__SOURCE INFORMATION__
────

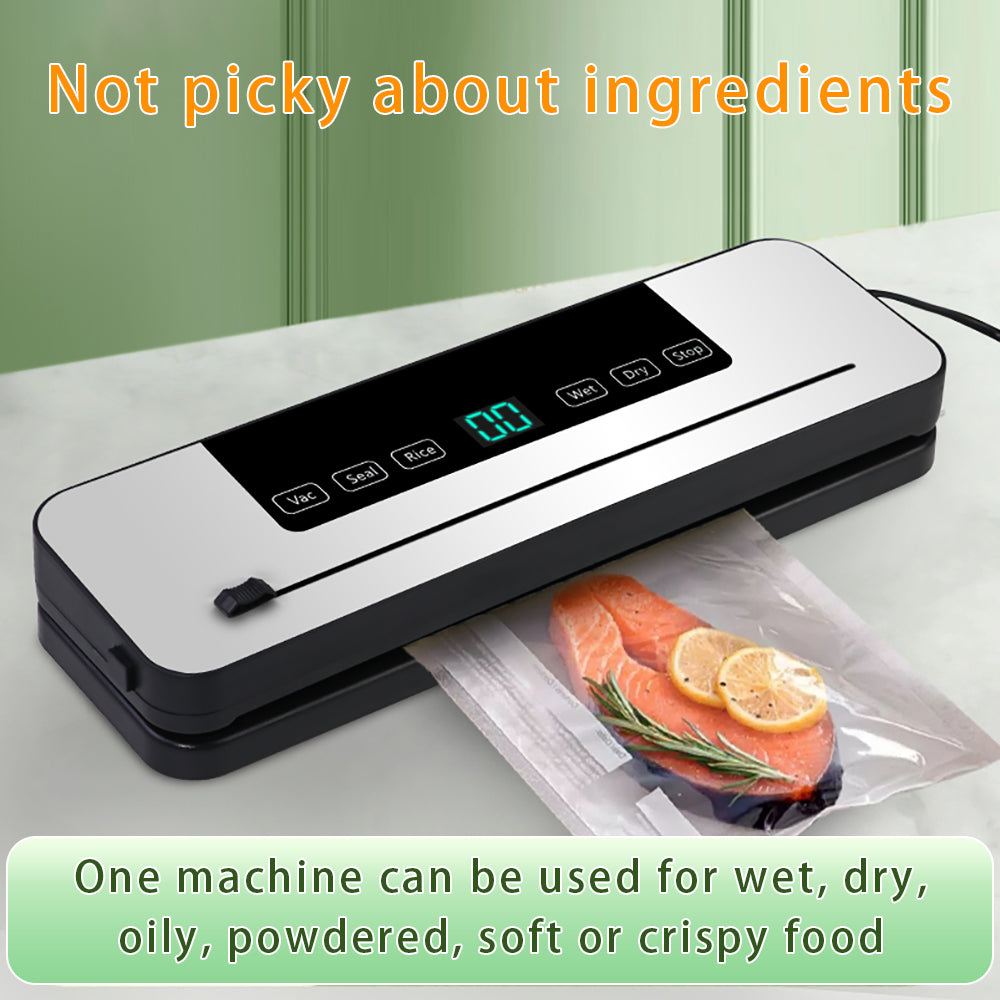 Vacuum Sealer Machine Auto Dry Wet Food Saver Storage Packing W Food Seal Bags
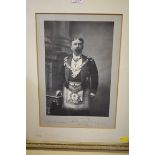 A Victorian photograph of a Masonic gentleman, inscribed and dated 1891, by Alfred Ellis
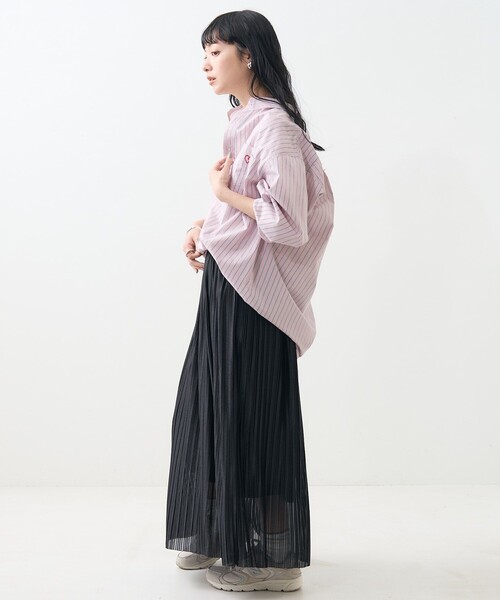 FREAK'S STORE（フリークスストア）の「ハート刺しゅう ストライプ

────

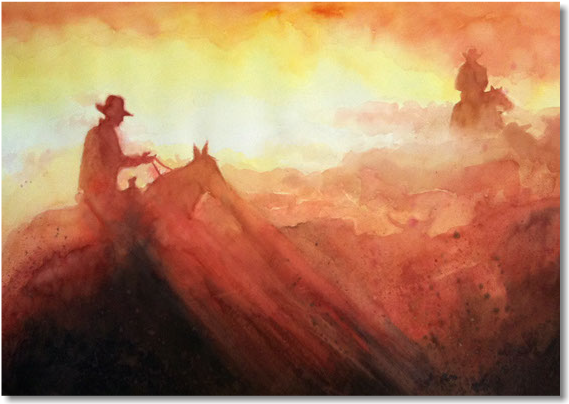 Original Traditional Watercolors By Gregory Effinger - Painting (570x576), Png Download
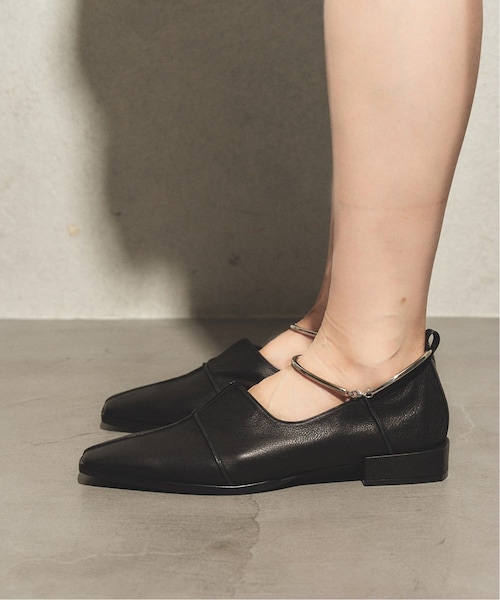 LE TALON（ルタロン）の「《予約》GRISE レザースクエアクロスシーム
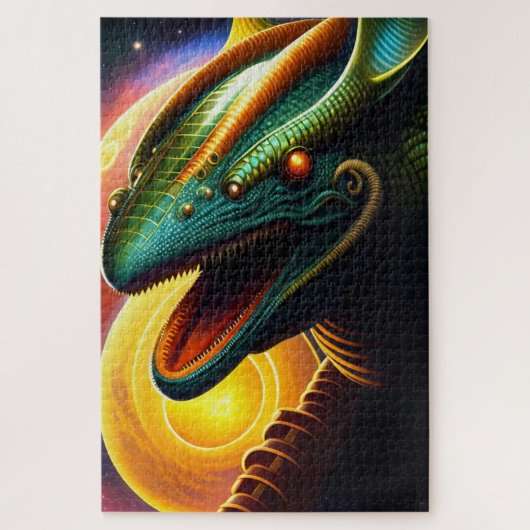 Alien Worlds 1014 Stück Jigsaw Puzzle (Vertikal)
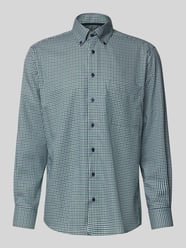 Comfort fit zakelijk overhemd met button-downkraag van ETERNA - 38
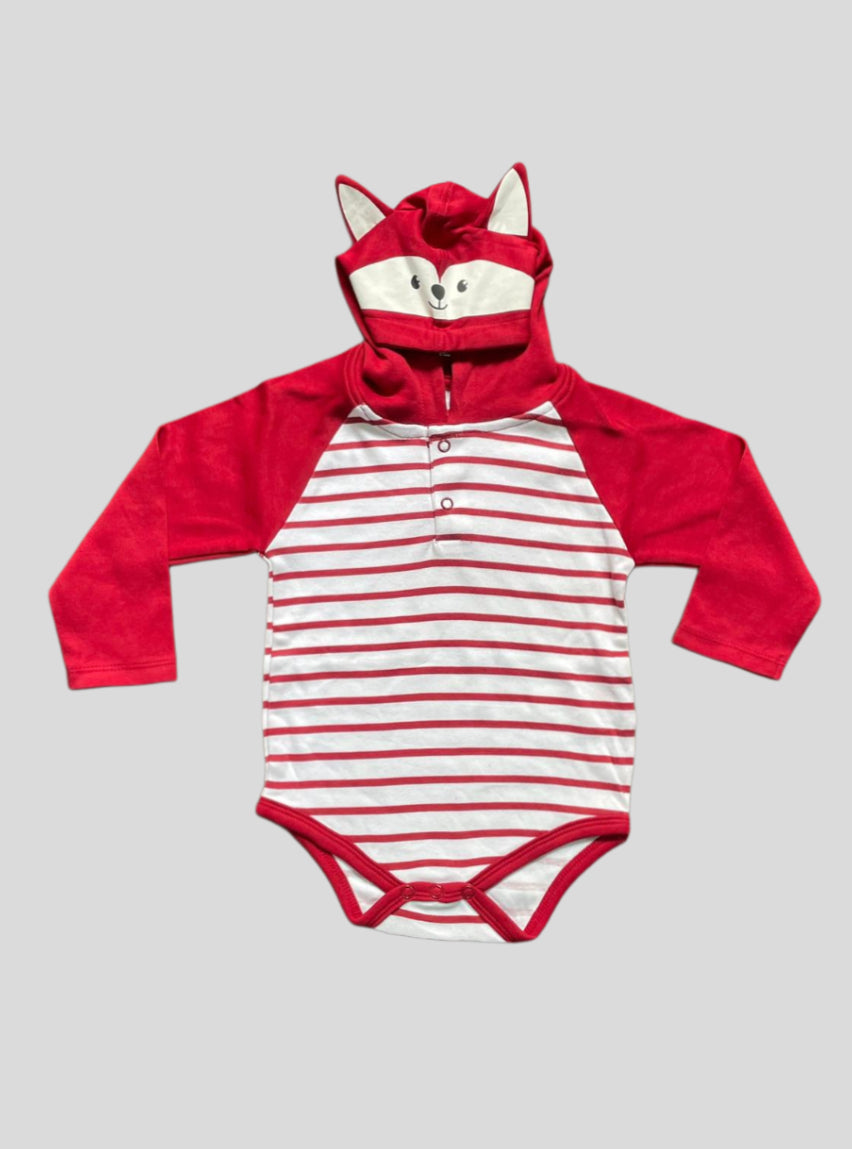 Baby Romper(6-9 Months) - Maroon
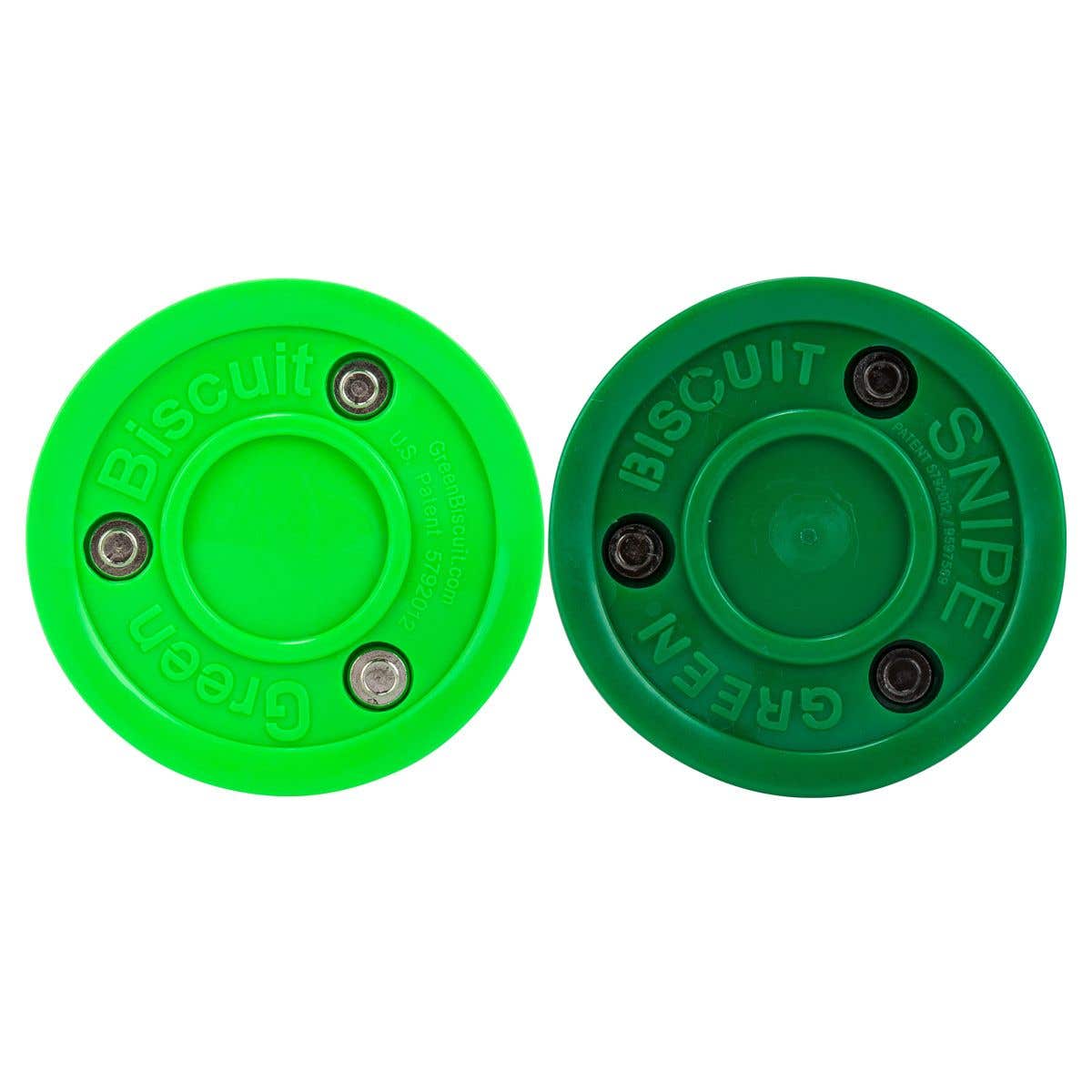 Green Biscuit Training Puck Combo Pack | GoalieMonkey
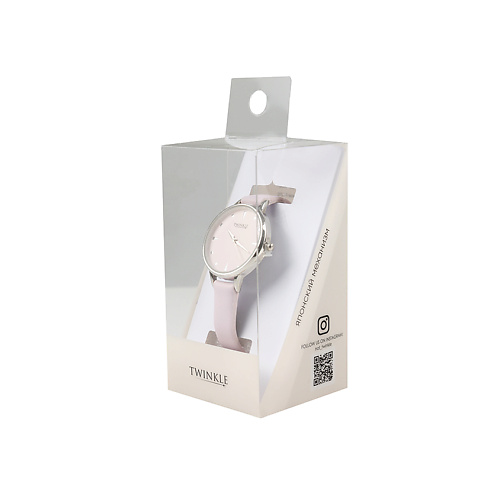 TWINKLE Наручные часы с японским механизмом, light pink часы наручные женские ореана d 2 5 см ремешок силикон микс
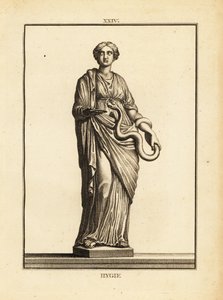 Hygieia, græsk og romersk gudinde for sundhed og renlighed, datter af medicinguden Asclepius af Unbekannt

────

__AIM OF THE TASK__
In the listing above, find the line containing "Baby Romper(6-9 Months) - Maroon" and the line containing "Hygieia, græsk og", then print exactly those two lines and every line between them, minus the pictures.

__TASK SOLUTION__
 Baby Romper(6-9 Months) - Maroon
 Green Biscuit Training Puck Combo Pack | GoalieMonkey
 TWINKLE Наручные часы с японским механизмом, light pink часы наручные женские ореана d 2 5 см ремешок силикон микс
 Hygieia, græsk og romersk gudinde for sundhed og renlighed, datter af medicinguden Asclepius af Unbekannt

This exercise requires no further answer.